- [Assigned task]: Every line of the data should be written out exactly, with the pictures left out.

[[ Dataset excerpt, beginning ]]

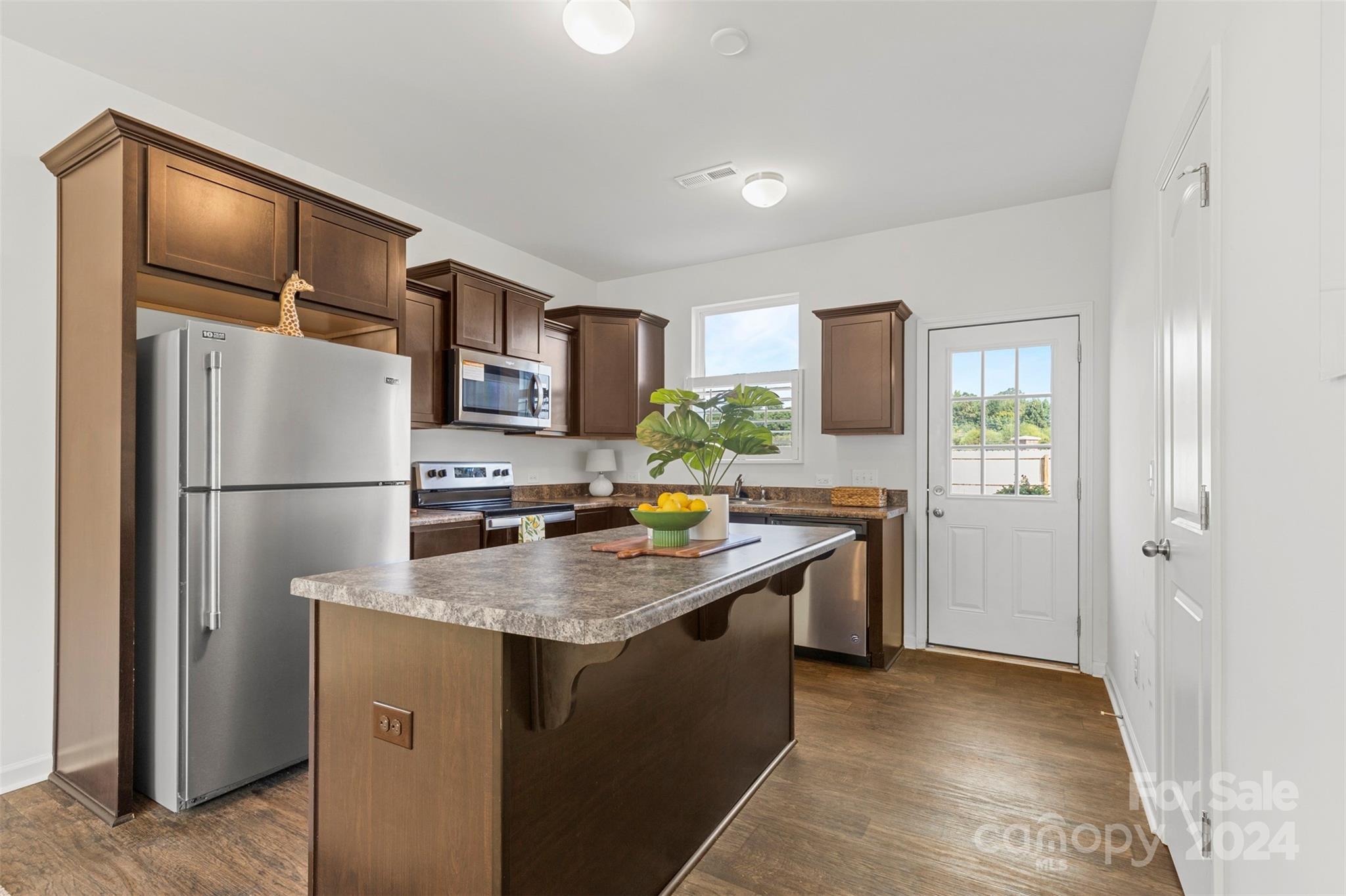 1015 Cherry Bark Place Landis, NC 28088 - Photo 7 of 24 a kitchen with stainless steel appliances granite countertop a refrigerator a sink a stove and a refrigerator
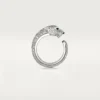 Panthere De Cartier-ring – vitguld, diamanter, smaragder, onyx – Cartier
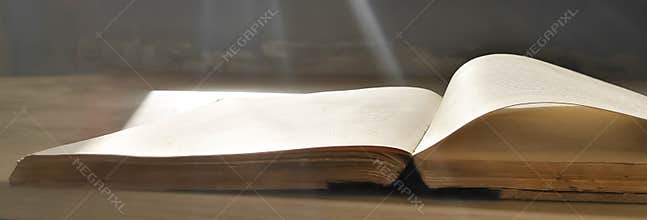 On the open book fall rays of sunlight from the window. Light. Sunlight. book lighting. Open workbook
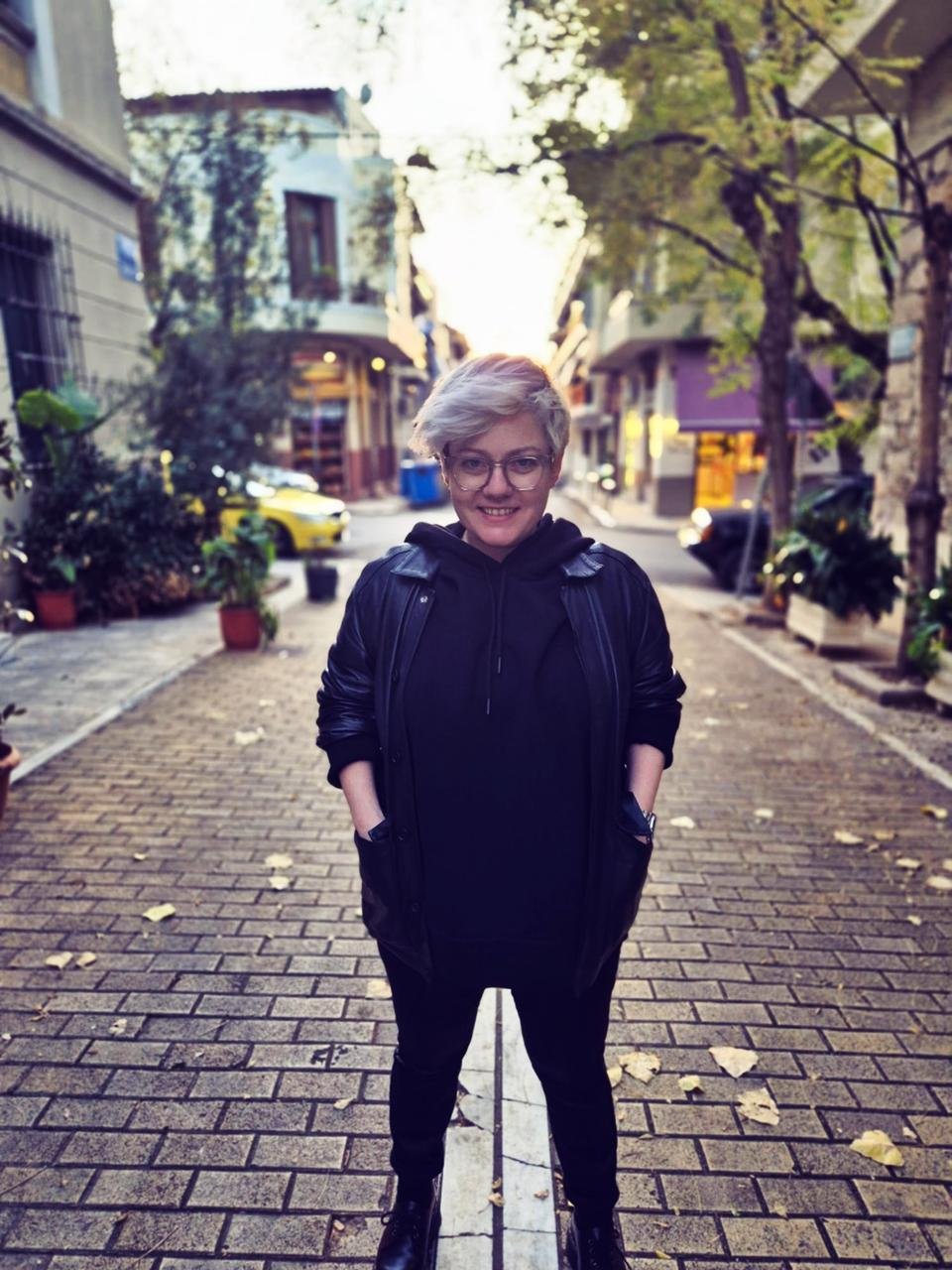 A woman with short blond hair, glasses, and a black outfit standing on a cobblestone street with trees and buildings in the background during daytime.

[[ Dataset excerpt, end ]]

- [Response area]:
 1015 Cherry Bark Place Landis, NC 28088 - Photo 7 of 24 a kitchen with stainless steel appliances granite countertop a refrigerator a sink a stove and a refrigerator
 Panthere De Cartier-ring – vitguld, diamanter, smaragder, onyx – Cartier
 On the open book fall rays of sunlight from the window. Light. Sunlight. book lighting. Open workbook
 A woman with short blond hair, glasses, and a black outfit standing on a cobblestone street with trees and buildings in the background during daytime.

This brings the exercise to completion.